There were two things I wanted to try regarding the ship's weapons. The first thing I wanted to try was a way to get nice square open gun ports. Rather than cut all these out individually, I opted for a different solution. I build the hull up to the bottom of the gunports and then glued some square sticks abeam in an on-off pattern along the hull where the cannon were meant to be.
Then I glued the top flush deck above the sticks and then sanded the whole thing into shape.
The second thing I wanted to test regarding the weapons were the cannon themselves. The broadside cannon were little pieces of plasticard rods on top of a plasticard square. However, my favorite bit were the 10" pivot guns, one mounted in each end of the ship. For these I used a bit of bread-tie plastic cut into a square with the tip of a tooth pick to achieve the distinctive shape of the large smoothboore Dahlgren guns. I use a lot of bread-tie plastic in my models, as its easy to cut, shape, and score, and given the amount of bread my kids go through, I'll never be in short supply!
I used the same trick as the flags for the sails, but this time I used a textured aluminum material instead.
I wanted to portray the ship with furled sails, so I rolled up the aluminum and then glued them under the spars.
Then I pushed a crease into the sail with my thumbnail to add the impression of some tie ups.
For the rigging, I used nylon thread. I had previously used cotton, but it freys too much and looks messy. The nylon stuff looks clean and is easy enough to work with. However, I didn't do the ratlines on the side, as I'm still trying to figure out an easy/economical way to do them that matches the level of abstraction I've got for the rest of the ship.
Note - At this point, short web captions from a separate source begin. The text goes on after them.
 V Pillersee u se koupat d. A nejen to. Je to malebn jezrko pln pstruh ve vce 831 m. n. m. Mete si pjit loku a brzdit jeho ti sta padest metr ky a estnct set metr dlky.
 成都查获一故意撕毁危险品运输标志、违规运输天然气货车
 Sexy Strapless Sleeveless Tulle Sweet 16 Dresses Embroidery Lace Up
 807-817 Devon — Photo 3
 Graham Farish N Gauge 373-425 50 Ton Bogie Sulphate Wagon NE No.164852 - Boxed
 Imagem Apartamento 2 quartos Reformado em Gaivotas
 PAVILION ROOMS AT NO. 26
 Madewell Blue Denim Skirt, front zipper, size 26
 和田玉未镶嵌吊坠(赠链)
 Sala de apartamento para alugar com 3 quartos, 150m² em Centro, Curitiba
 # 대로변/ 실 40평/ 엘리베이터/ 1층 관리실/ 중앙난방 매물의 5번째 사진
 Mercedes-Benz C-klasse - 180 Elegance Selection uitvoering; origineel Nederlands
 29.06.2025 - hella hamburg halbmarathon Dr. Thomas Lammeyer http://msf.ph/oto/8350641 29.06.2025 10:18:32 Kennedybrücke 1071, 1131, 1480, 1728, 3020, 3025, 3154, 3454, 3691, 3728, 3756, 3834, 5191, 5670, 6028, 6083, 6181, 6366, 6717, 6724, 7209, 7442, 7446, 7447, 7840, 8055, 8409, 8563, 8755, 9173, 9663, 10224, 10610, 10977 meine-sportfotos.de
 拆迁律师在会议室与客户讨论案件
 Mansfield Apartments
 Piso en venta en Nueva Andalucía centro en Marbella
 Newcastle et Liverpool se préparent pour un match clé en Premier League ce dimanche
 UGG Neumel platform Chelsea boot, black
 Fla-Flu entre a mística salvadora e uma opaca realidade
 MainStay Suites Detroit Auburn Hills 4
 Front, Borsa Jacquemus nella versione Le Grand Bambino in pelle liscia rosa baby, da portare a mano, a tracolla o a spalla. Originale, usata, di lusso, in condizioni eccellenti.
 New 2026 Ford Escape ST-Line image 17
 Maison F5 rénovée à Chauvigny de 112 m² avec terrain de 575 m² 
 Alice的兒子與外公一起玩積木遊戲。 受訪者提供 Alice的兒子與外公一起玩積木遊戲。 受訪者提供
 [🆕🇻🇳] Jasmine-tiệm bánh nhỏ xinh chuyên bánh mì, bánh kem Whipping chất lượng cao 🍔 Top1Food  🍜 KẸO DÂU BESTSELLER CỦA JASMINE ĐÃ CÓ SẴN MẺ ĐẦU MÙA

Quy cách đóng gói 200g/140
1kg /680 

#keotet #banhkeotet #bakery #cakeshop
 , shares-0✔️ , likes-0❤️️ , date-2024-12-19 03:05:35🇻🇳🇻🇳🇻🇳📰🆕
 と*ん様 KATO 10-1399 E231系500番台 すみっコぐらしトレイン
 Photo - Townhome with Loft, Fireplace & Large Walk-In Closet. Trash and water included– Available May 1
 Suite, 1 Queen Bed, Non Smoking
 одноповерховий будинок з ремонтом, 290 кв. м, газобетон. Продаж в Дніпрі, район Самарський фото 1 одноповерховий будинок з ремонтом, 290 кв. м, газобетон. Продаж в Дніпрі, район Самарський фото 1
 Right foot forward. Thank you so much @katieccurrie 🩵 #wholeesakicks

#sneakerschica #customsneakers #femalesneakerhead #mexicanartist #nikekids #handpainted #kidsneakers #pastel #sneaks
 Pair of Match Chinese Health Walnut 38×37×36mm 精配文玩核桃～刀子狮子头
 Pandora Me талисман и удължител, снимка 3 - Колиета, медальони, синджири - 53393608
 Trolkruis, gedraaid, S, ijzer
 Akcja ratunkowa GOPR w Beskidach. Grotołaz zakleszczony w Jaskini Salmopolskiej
The result of the Minnesota experiment is generally good. The rigging took the longest of any one part of the process, but that's to be expected. The sails were a lot easier than I was expecting, so that was a success. I'm generally quite happy with gunports, however they are rather too big for scale, but that can be fixed using smaller sticks of wood. I'm also happy with the top deck's guns and 10in Dahlgren pivot guns.
Overall, there is some room for improvements, however the big takeaway for me is that I'm going to be conservative with how many square-rig ships I do. Maybe 3 more and, eventually, the USS New Ironsides.
Altogether the experiment of the three ships proved satisfactory enough for me to try what I really wanted to do, which is the Battle of Memphis, with its 5 Union ironclad riverboats and 4 steamboat rams, and the 8 Confederate Cottonclads.
So that's what I've been up to. I'll have some articles that take a closer look at some of the stuff I've posted above, but for now, that's been my lock-down hobby project!
Oh, and also, making an adaptation of Dreadnought so that I can play with my new figures. But more on that later!